For the full judging playbook (including feedback language and body cues), send students and mentors to the Judging Guide.
🧭 Reinforcing Trustworthy AI
Students have a Trustworthy AI section in their guide covering four things: being honest about AI use, verifying what Kiro produces, keeping personal info out of prompts, and speaking up if something feels wrong.
Your job during Design & prototyping is to reinforce all four without being heavy about it:
- If a team quotes a "fact" from Kiro, ask "where did that come from — did you check it?"

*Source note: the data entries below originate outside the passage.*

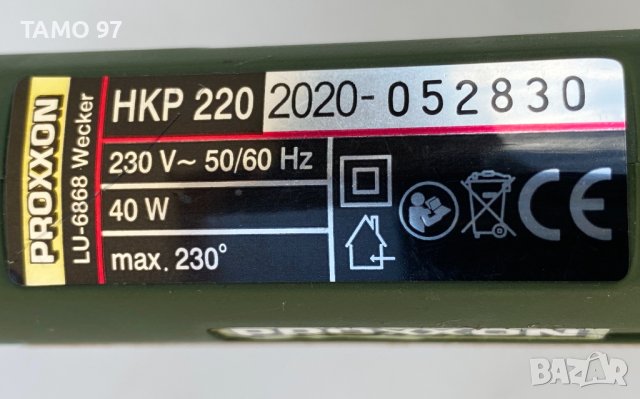 Proxxon HKP 220 - Пистолет за топло лепене, снимка 4 - Други машини и части - 42370034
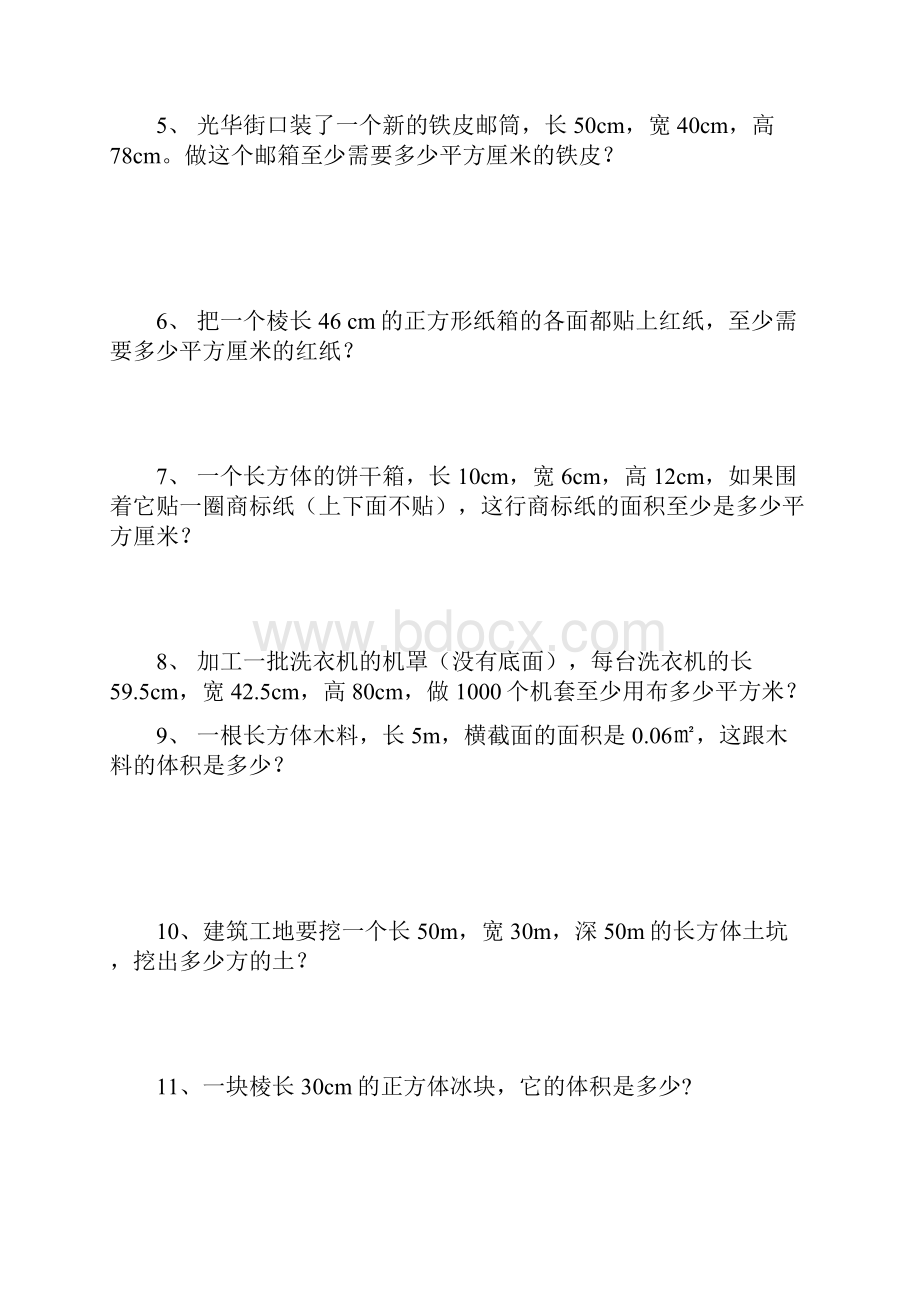 人教版五年级下册数学课本习题归类.docx_第2页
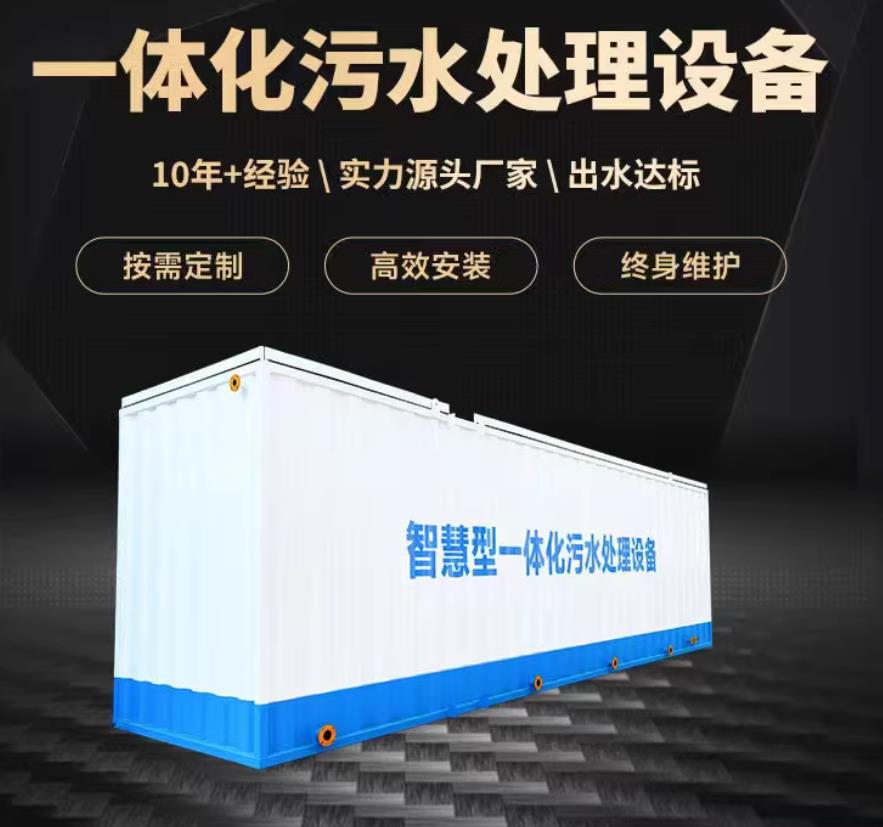 鄂伦春一体化污水处理设备_生活污水处理_甘肃嘉源通环保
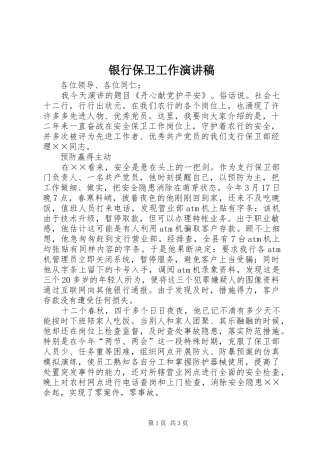 银行保卫工作演讲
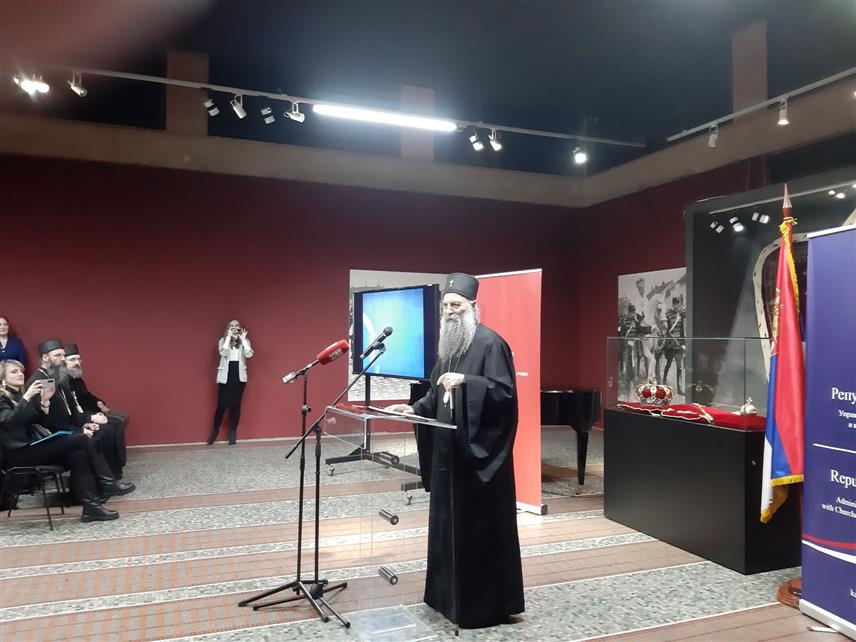 БЕОГРАД, 23. ДЕЦЕМБРА /СРНА/ - Његова светост патријарх српски Порфирије отворио је вечерас у Историјском музеју у Београду изложбу "Свијет у слици - Слика свијета: Визуелна култура и умјетност традиционалних цркава и вјерских заједница", коју чине дјела 54 умјетника разних конфесија и вјерских заједница.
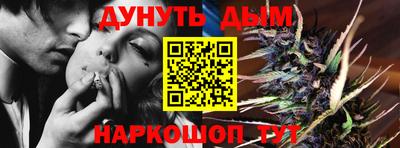 прущие крисы Конаково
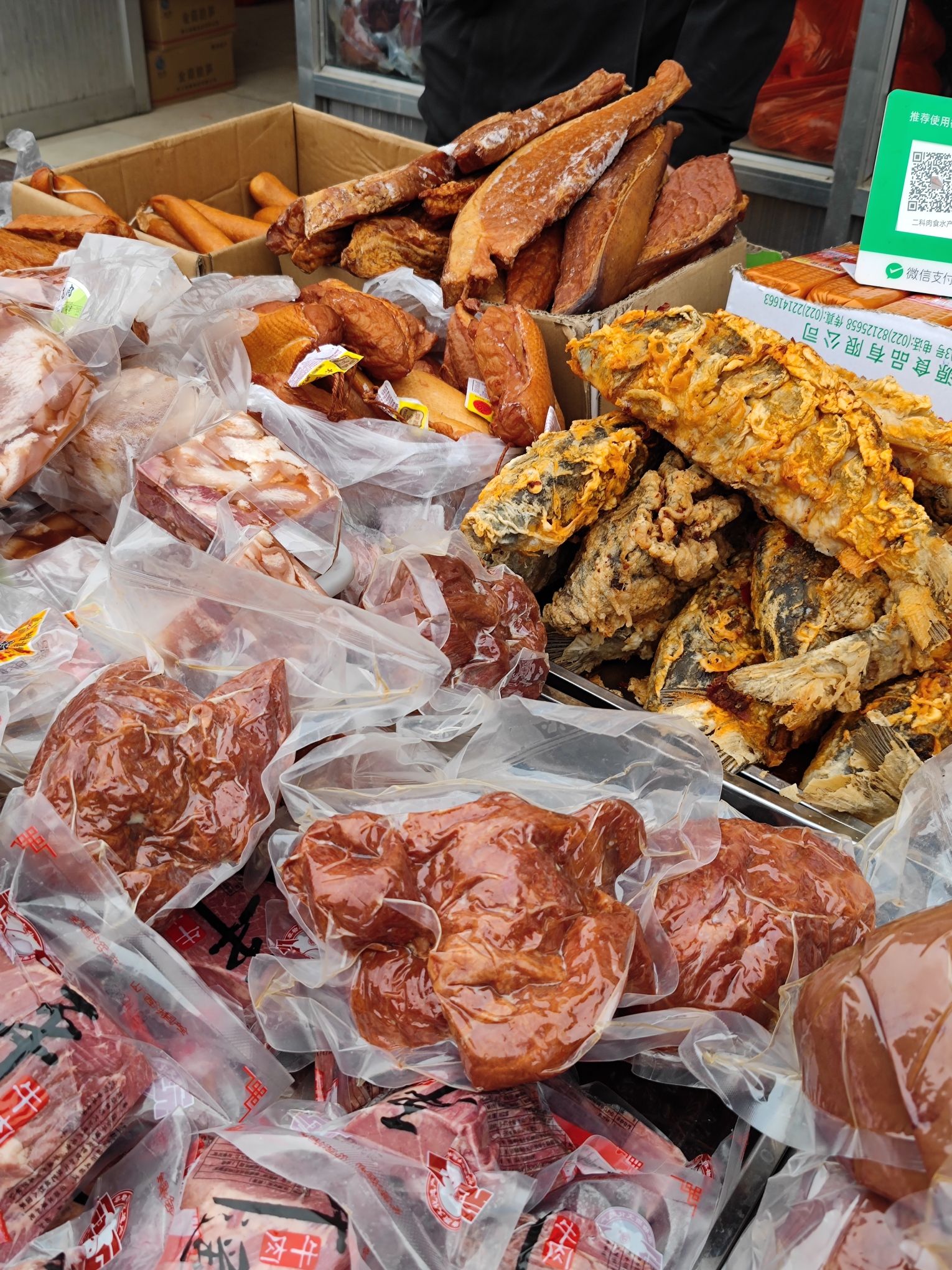 蔬菜公司小商品批发市场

- If they're typing real names or personal details into a prompt, redirect to the persona.
- If anything Kiro produces feels off, tell them to stop and name it — that's a moment worth slowing down for.
- Nudge teams to plan one sentence in their pitch about how they used Kiro — it's an easy judges win.
See the full student-facing guidance in the Trustworthy AI section.
🆘 When to Escalate
- Tech issue you can't fix in 5 minutes → flag the event organiser or AWS technical mentor.
- Pastoral issue (student upset, conflict, anything off) → flag the event organiser immediately. Don't handle it solo.
- Kiro acting up across multiple teams → flag the AWS mentor — could be an outage.
See Troubleshooting for common technical fixes.
The students will remember this day for years. A big part of that is you. Thanks for being here.